▶ **GOAL OF THE EXERCISE**
Note each line in the data below that holds "palavras", and copy it.

==== EXCERPTED RECORDS ====

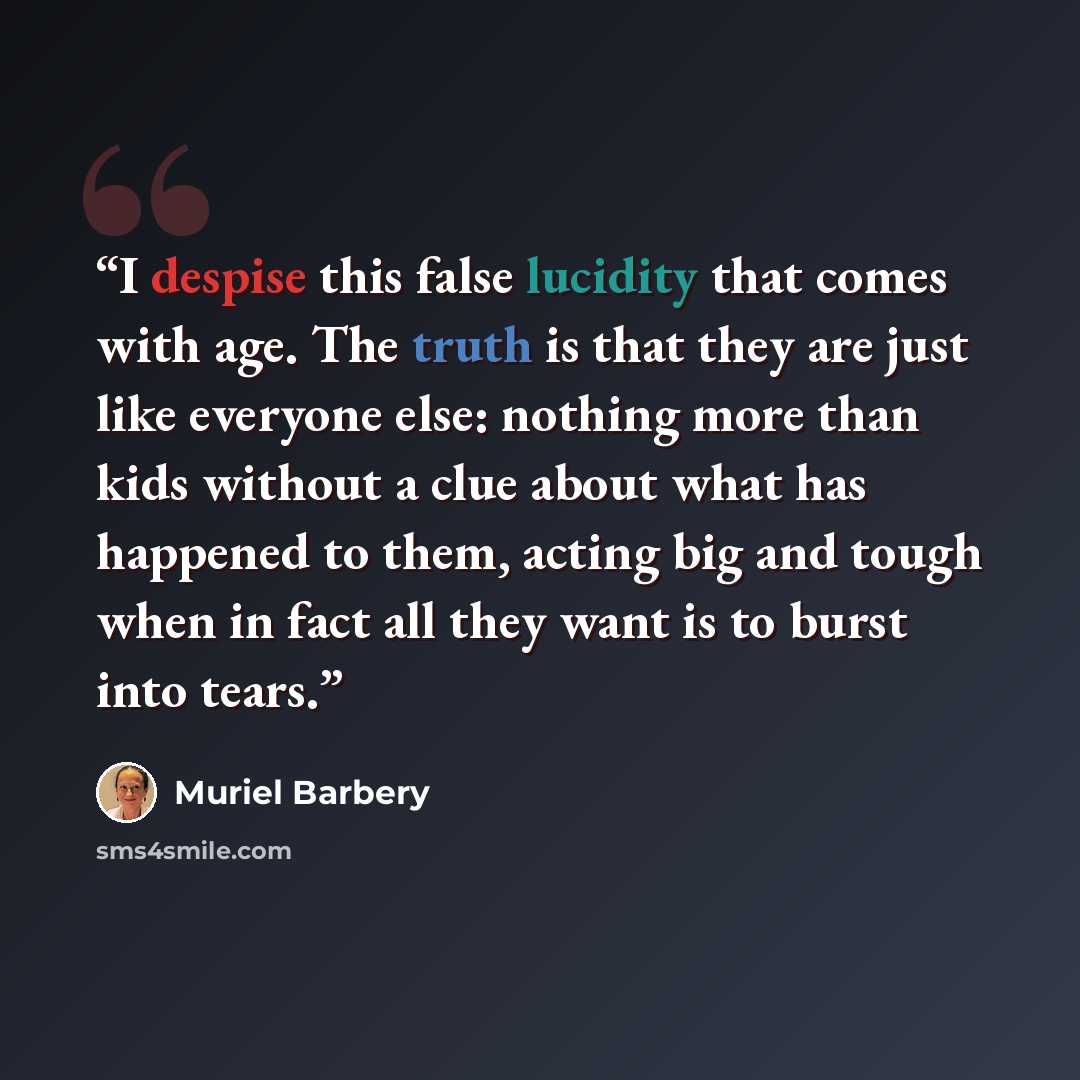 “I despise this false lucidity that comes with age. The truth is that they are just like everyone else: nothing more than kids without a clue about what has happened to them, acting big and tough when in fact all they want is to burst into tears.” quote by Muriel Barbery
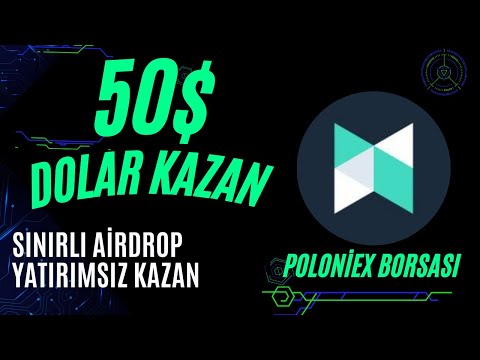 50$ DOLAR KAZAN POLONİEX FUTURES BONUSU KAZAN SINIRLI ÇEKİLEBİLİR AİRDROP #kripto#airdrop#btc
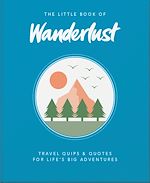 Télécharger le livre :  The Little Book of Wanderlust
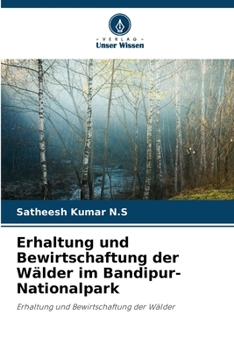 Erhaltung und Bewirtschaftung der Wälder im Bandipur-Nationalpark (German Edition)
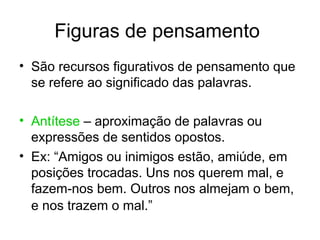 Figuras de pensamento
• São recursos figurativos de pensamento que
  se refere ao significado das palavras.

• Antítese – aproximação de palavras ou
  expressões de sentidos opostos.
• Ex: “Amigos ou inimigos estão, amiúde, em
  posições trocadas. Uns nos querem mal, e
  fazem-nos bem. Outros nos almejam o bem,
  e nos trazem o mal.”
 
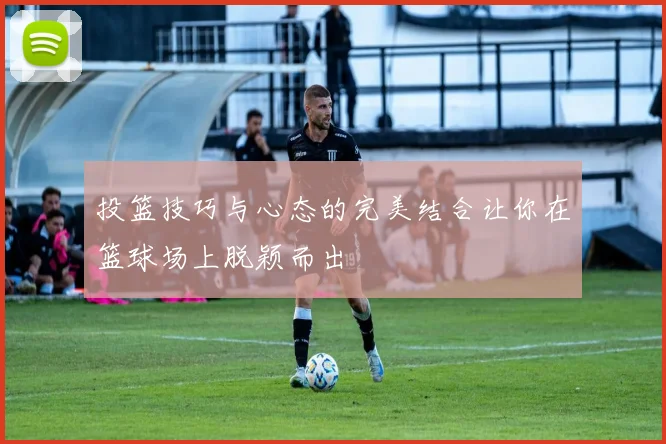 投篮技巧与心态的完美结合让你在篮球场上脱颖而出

====
==== EXCERPTED RECORDS ====

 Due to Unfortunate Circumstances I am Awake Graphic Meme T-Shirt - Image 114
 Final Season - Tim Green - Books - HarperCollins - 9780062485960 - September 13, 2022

====

▶ **OUTPUT OF THE EXERCISE**
  se refere ao significado das palavras.
• Antítese – aproximação de palavras ou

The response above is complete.